Saturday, April 20, 2013

Troubled Times

By Erick San Juan

Mobile-missilesIn these troubled times, aside from a possible regional conflict that will probably start in the Korean Peninsula, there is also an impending possibility of people repeating history as in the case of the Nanjing Massacre that happened 75 years ago.
In an article written by Manfred Henningsen (professor of political science at the University of Hawaii) – ‘Opportunity to break the silence’, he wanted the world to know especially in Asia where the Japanese army had savagely terrorized and killed hundreds of thousands of soldiers and civilians alike that started in 1937 in Nanking, China. Japan never gave any official apology since then.
“The refusal of the Japanese political class to officially recognize the imperial record of terror in China and other parts of Asia was illustrated in a remarkable way by Shinzo Abe when he was selected to lead the Liberal Democratic Party in October. He immediately visited the Yasukuni Shrine in Tokyo. The shrine has become a permanent monument to the horrors of Japan’s militarism since 1978 when war criminals of World War II were enshrined there.” (Ibid)
Like any traditional politicians, Abe has made a promise that he did not keep. Many pundits believe that it only prove that the Japanese government wanted the world to forget the terrorism they did during the Second World War in countries like China and the Philippines.

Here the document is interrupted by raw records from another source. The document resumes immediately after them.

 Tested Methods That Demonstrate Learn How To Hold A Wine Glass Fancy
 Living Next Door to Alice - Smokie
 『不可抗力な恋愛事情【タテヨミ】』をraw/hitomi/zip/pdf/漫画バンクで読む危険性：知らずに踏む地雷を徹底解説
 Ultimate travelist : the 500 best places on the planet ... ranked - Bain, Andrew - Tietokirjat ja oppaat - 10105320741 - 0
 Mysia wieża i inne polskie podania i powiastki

“Abe also announced last year that he would, if elected prime minister, revise the so-called Kono Statement, an official apology that Tokyo made in 1993 for the military’s sexual enslavement of women during World War II. And since he became prime minister, he has not said that he accepts the Judgment of Tokyo, which confirmed the historical record of imperial violence, including the figures of the estimated 300,000 dead and 60,000 women raped in Nanjing in December 1937.” (Ibid)

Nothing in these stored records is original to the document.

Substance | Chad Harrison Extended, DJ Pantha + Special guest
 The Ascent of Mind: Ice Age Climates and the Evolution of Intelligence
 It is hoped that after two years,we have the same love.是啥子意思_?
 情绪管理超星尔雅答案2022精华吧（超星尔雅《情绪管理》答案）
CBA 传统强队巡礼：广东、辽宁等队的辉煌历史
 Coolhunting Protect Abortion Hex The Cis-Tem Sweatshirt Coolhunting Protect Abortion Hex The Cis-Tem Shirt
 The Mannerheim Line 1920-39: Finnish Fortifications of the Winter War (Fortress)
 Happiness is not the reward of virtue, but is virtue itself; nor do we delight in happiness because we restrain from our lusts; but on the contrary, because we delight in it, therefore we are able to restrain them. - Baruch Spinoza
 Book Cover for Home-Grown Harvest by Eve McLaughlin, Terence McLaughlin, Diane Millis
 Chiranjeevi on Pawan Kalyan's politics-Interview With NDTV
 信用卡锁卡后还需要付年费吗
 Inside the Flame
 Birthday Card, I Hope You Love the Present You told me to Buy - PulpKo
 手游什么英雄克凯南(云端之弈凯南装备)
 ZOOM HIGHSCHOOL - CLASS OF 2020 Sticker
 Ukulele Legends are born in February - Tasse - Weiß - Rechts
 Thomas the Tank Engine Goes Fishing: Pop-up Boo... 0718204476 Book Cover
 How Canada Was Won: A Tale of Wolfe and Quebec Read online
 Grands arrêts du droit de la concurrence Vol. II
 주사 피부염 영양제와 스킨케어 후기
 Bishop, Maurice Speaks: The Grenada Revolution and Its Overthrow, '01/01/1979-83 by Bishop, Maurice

Like Germany, Japan had also the ambition to conquer the world and build their empires by raping city after city of sovereign nations. But after the dust and smoke has subsided, they became oblivious of the reparations that they should grant to countries they ravaged into nothingness.
Although from the article of Prof. Henningsen, he said that “Unlike the Japanese, the Germans have come to terms with their past. They were able to break out of their silence and amnesia they shared with the Japanese and face their record of evil and made peace with their neighbors whom they had invaded, occupied and, in some cases, violently terrorized. Most importantly, they were willing to recognize 60 years ago the claims of the large number of non-state victims and are still accepting compensation claims today, having already paid roughly $89 billion.”

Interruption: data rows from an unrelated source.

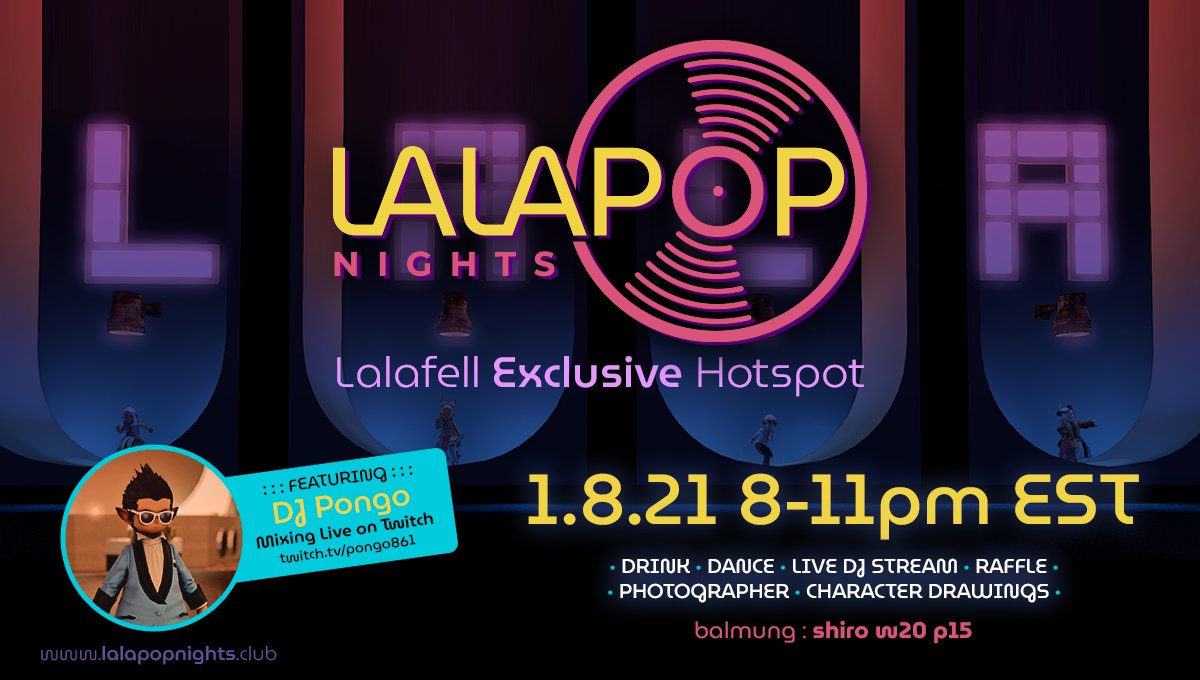 LalapopNights's tweet photo. Let's start the weekend off RIGHT! See you tomorrow for another evening of live music, dancing and celebration. 8-11PM EST | Balmung : Shiro W20 P15 #LalaPower #lalafell https://t.co/4JhT6NIA1q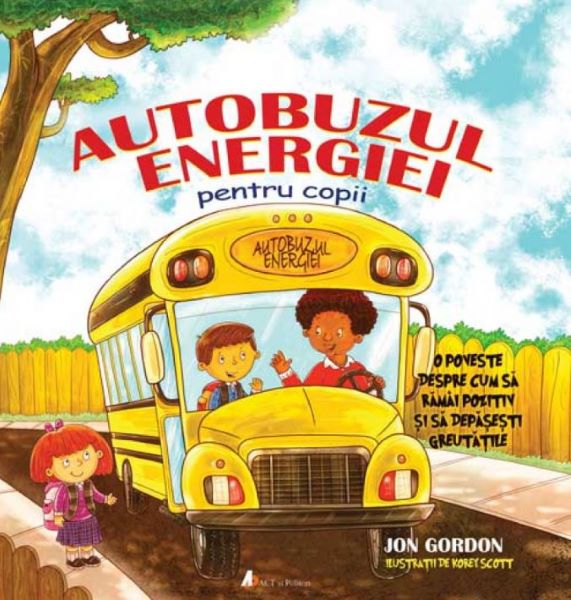Cartea Autobuzul energiei pentru copii - Jon Gordon, Korey Scott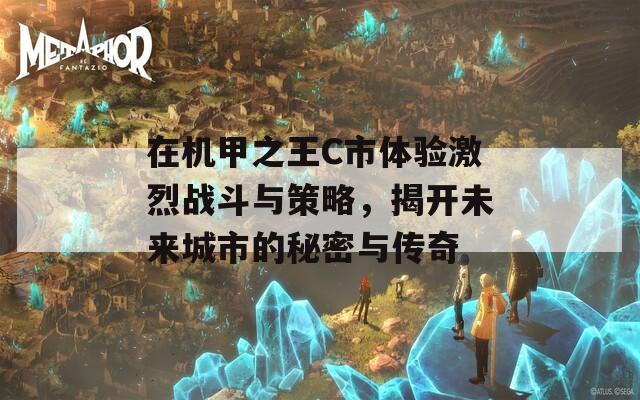 在机甲之王C市体验激烈战斗与策略，揭开未来城市的秘密与传奇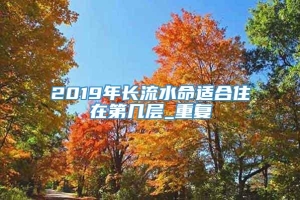 2019年长流水命适合住在第几层_重复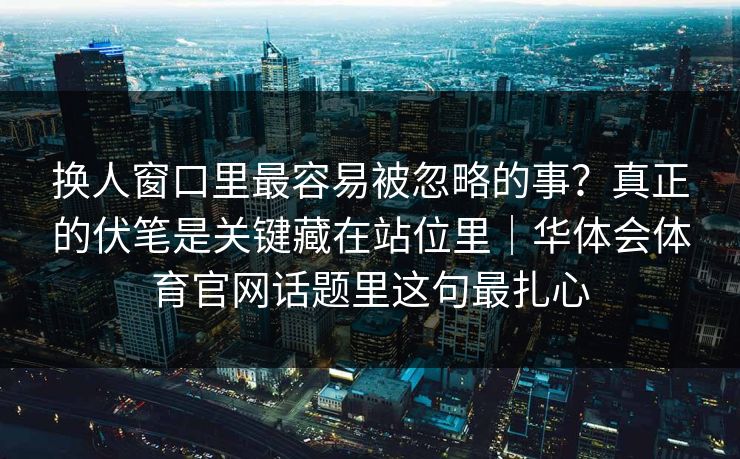换人窗口里最容易被忽略的事？真正的伏笔是关键藏在站位里｜华体会体育官网话题里这句最扎心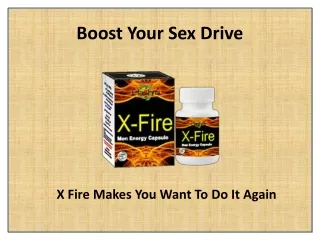 X Fire Best Male Virility Supplement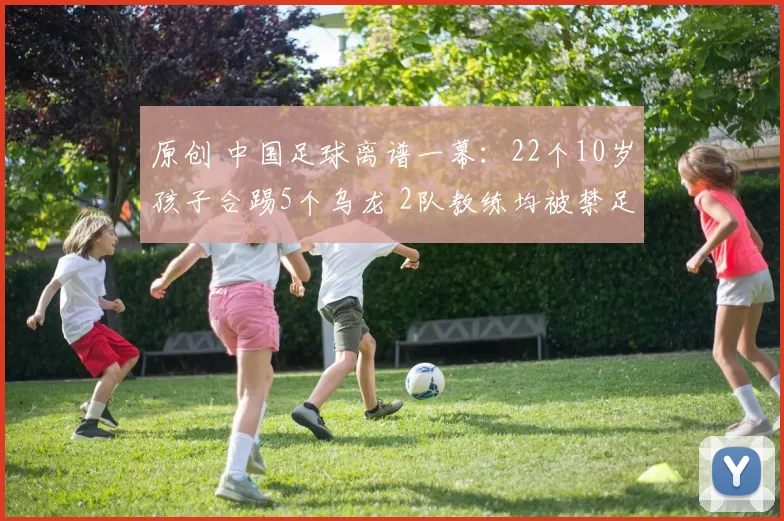 原创 中国足球离谱一幕:22个10岁孩子合踢5个乌龙 2队教练均被禁足1年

Accepting ones mistakes and atrocities in the past against people of another country, especially a neighbor, coupled with the granting of reparations due them, are the right thing to do in order to give justice and to restore the dignity of the victims of war: the survivors and their families.
Like what I kept saying in my daily radio program, in times of war and peace, collaborators are made and conspiracies are woven to fool the rest of the world. Just what happened to Japan’s Hirohito, as what Prof. Henningsen wrote – “General Douglas MacArthur (then the US Army chief) kept the imperial system and its head, Hirohito, in place, as the US wanted to retain a semblance of legitimate national authority in order to facilitate the administration of the country. Hirohito had, by US decree, became untouchable, and he presided until his death in 1989 over collective Japanese amnesia. By protecting Hirohito from prosecution as a war criminal, the US laid the foundation for Japan’s refusal to acknowledge its war guilt and war crimes.”
The facts are in the open now, like what I have been saying all these years. With Uncle Sam’s blessings, not all war criminals are prosecuted and worse, war crimes are completely forgotten by diverting historical facts into oblivion that has left the victims including their own citizenry into a terrible case of amnesia.
Now the silence has been broken. Humanity should learn from this and must always on the lookout for a possibility that such incident will happen again.
In these dangerous times when the drums of war are getting louder – will people repeat a bad part of the world’s history? Or history will repeat itself? The signature of a global conflict is already here. The actual confrontation and shooting war is in the offing that might lead to another world war. If this scenario will happen in the Korean Peninsula, and the possible reunification of the two Koreas will commence, Uncle Sam (and the globalists) will now be free from the burden of supporting North Korea and the heavy task will now be given to the people of South Korea. Remember the chopping of the ‘Berlin wall’ in November 1989?
“Those who don’t know history are destined to repeat it.” Edmund Burke (1729-1797)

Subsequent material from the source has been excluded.